The remaining material then continues through the system, which includes a variety of sorting and separating equipment. “The system employs multiple fiber screens, a Nihot glass cleanup system, an optical sorter and an eddy current,” he says. Recology Clean-Scapes also has a number of quality control stations to ensure materials are separated into their proper bunkers, Bridges says.

The glass cleanup system uses a vacuum to separate the glass from nonglass recyclables. “The results have been promising, with our latest test results indicating purity at plus or minus 95 percent,” Bridges says.

The Recology CleanScapes MRF’s optical sorter is used to positively sort PET (polyethylene terephthalate); however, he says, the unit can be programmed to sort for different polymers as required.

Recology CleanScapes also is able to adjust other system variables, such as conveyor speed and the angle of the screens.

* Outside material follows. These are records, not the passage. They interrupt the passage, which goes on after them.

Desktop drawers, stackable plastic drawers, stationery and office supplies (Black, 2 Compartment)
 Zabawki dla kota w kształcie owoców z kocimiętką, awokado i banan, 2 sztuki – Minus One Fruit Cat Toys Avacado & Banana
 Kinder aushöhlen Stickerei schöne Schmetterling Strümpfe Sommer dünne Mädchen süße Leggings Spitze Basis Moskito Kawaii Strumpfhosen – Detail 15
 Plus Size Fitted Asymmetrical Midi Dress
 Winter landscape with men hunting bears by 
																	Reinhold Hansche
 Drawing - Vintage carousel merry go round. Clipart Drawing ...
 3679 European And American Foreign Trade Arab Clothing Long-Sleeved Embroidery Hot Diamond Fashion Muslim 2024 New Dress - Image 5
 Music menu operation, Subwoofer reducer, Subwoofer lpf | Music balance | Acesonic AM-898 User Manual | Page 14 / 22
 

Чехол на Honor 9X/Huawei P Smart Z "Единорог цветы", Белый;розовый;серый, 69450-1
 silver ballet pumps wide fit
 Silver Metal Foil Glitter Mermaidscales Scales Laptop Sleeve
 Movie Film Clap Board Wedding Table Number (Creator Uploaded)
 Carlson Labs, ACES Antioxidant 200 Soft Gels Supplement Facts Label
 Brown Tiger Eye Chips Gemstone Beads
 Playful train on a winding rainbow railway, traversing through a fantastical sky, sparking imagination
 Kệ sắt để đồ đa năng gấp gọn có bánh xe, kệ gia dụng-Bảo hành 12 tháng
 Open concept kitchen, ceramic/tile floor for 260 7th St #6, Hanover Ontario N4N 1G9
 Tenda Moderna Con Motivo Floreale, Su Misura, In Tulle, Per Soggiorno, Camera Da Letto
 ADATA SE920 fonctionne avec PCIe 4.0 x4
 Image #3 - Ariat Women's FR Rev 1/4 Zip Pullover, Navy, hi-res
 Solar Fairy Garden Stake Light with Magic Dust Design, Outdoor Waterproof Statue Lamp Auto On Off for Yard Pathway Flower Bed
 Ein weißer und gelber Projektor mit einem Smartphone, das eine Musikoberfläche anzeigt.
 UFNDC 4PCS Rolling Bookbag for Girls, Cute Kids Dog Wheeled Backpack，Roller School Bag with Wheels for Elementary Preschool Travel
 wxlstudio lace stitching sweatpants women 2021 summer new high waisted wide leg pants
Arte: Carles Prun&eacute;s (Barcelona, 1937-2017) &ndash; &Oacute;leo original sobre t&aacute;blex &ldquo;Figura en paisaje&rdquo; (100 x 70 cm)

The company uses a single system to process recyclables from commercial and residential generators. While Recology CleanScapes collects residential recyclables separately from commercial material, the MRF is designed to sort a commingled mix of these streams on the same processing line. “The advantage is being able to continuously operate without separating the two streams,” Bridges says. “The quality of the material is still very high despite stream commingling.”
 

Recovered for recycling

The commodities Recology CleanScapes is producing at the MRF are:

  • OCC (old corrugated containers);
  • mixed paper;
  • plastics Nos. 1 through 7;
  • tin cans;
  • used beverage cans (UBCs);
  • hard rigid plastics
  • film A-D; and
  • mixed ferrous and nonferrous metals.
     

“Recology CleanScapes has identified markets for all of the materials we process at the facility,” Bridges says. “The largest materials by quantity we process are OCC, mixed paper and plastics Nos. 1 and 2.”

He adds that the ONP (old newspapers) are blended with the mixed paper “primarily for economic reasons.”

Of the recovered commodities, approximately 70 percent are sold domestically, while 30 percent are sold to overseas consumers, Bridges adds.
 

Thinking ahead

Given that recycling in Seattle and the surrounding communities has been increasing annually for a decade, the MRF was designed to accommodate growth. “We are ready to take on additional capacity now,” Bridges says of the facility. “We would simply start a second shift to accommodate the new tonnage. We are always looking to grow our business.”